Shortly after high school, I got it in my head that because of how much reading and writing poems served me, doing so might support others, and so I taught myself how to teach poetry by volunteering for a year at an elementary school. I’ve been writing and teaching in schools and leading writing workshops for children and adults for over 40 years. More than once, poetry has saved my life, and I’ve witnessed its powers of transformation in my students, so how could I ever do anything else?
I’m not sure, did My Shouting, Shattered, Whispering Voice start to come into being when I was born or when I began writing poems or the day I walked into that first classroom with a passel of poems in hand and stood before a group of eager students?
Sylvia: Thanks so much for taking the time to give us a glimpse "behind the curtain," Patrice. This is a tremendous resource for us-- especially right now when we can all use a bit more guidance. Now head on over to Molly's blog, Nix the Comfort Zone, where she is collecting all our lovely Poetry Friday musings. Take care and stay healthy, everyone!
7 comments:
I received this book just last week and I refrained from highlighting in it, as I usually do because I would be highlighting almost entire pages. The writing goes straight to the heart of writers and wannabe writers. This book is such a gift. Thank you for Syliva for spotlighting this book, and thank you Patrice for writing and sharing your stories in this book.

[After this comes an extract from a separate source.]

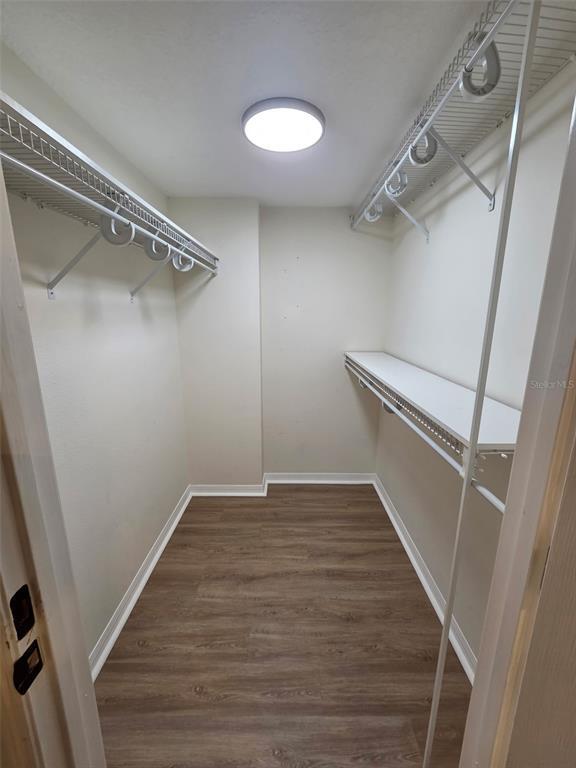 Building Photo - 6619 Buttonbush Ct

It's a pleasure to read about Patrice's life that has resulted in this wonderful new book. Thanks for sharing. I'm looking forward to it!
Thank you so much for offering a glimpse into the birth of this book. I've been reading about it on Today's Little Ditty and have already taken away so much. I love hearing more of its backstory, directly from Patrice.
I am so glad to get another glimpse into this book. It is one I look forward to reading and exploring.
Another one for my TBR list. Thanks for sharing this, Sylvia!
Thank you for sharing the back story. I am so glad this book won the 2019 CYBILS.
I've been participating in the prompts Michelle Heidenrich Barnes has been offering from Patrice's book on her blog Today's Little Ditty. This journey into the backstory of her book, her own writing, reading, of poetry and poets has inspired and enticed me even more. Thanks for sharing Patrice with us Sylvia, and thanks Patrice for your magnetic energy Patrice!